Given an unsorted integer array nums
, find the smallest missing positive integer.
Table of Contents
Sample Input and Expected Output:
Input:
nums = [3, 4, -1, 1]
Output:
The smallest missing positive integer is: 2
Input:
nums = [1, 2, 0]
Output:
The smallest missing positive integer is: 3
First Missing Positive Solution in C++:
The idea is to use the array itself as a hash table. We want to place each positive integer x
in the array at its correct position x-1
, as the smallest missing positive integer will be in the range [1, n+1], where n is the size of the array. First, we ignore all non-positive integers and numbers greater than n. Then, for each positive integer x
, we swap it with the number at position x-1
if x
is within the valid range and not already at its correct position. After processing all numbers, we find the first index i
such that nums[i] != i+1
, and the smallest missing positive integer is i+1
.
#include <iostream>
#include <vector>
int firstMissingPositive(std::vector<int>& nums) {
int n = nums.size();
// Step 1: Ignore non-positive integers and numbers greater than n.

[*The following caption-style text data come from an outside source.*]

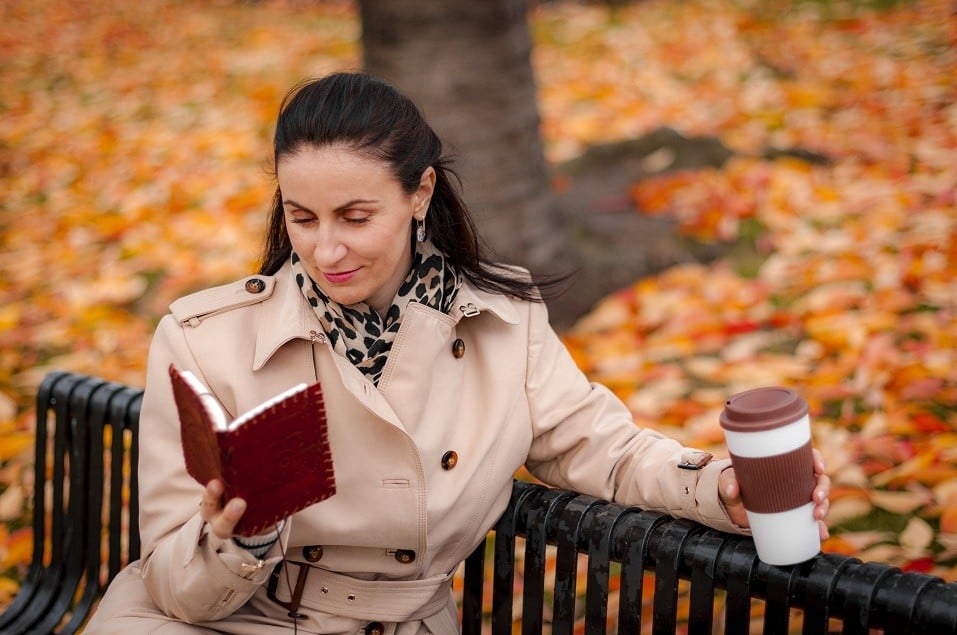 Mature woman sitting on a bench outdoors in a park next to a tree, wearing a trench coat, holding a cup of coffee and reading a book while smiling surrounded by fall foliage in autumn Mature woman sitting on a bench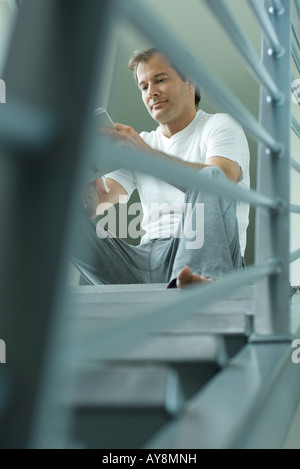 Uomo seduto sulle scale libro di lettura a basso angolo di visione Foto Stock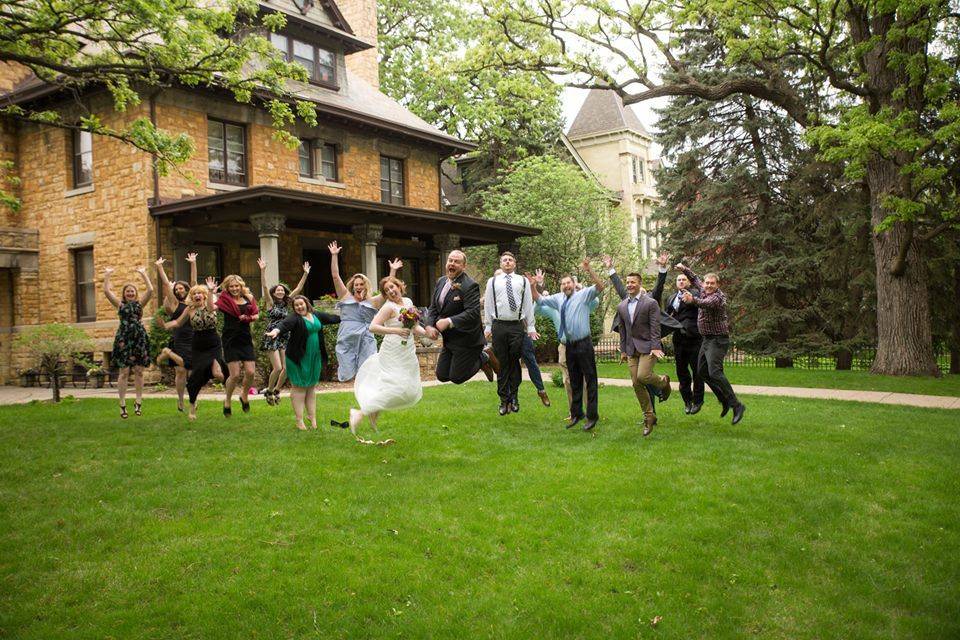 Jump shot of newlyweds and entourage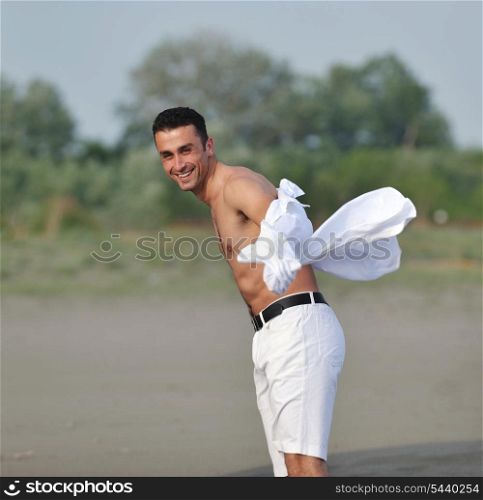 young man relax and have fun on beach at summer time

for (int i = 0; i < n; i++) {
while (nums[i] > 0 && nums[i] <= n && nums[nums[i] - 1] != nums[i]) {
std::swap(nums[i], nums[nums[i] - 1]);
}
}
// Step 2: Find the first index i such that nums[i] != i+1.
for (int i = 0; i < n; i++) {
if (nums[i] != i + 1) {
return i + 1;
}
}
// If all numbers from 1 to n are present, return n+1.
return n + 1;
}
int main() {
std::vector<int> nums1 = {3, 4, -1, 1};
std::vector<int> nums2 = {1, 2, 0};
int result1 = firstMissingPositive(nums1);
int result2 = firstMissingPositive(nums2);
std::cout << "The smallest missing positive integer is: " << result1 << std::endl;
std::cout << "The smallest missing positive integer is: " << result2 << std::endl;
return 0;
}
Time Complexity and Space Complexity:
The time complexity of the solution is O(n), where n is the size of the input vector nums
. In the worst case, we might have to swap every number to its correct position, but each number is processed only once.
The space complexity is O(1) as we are using a constant amount of additional space for variables in the solution, regardless of the size of the input array. The algorithm is performed in-place without using any extra data structures.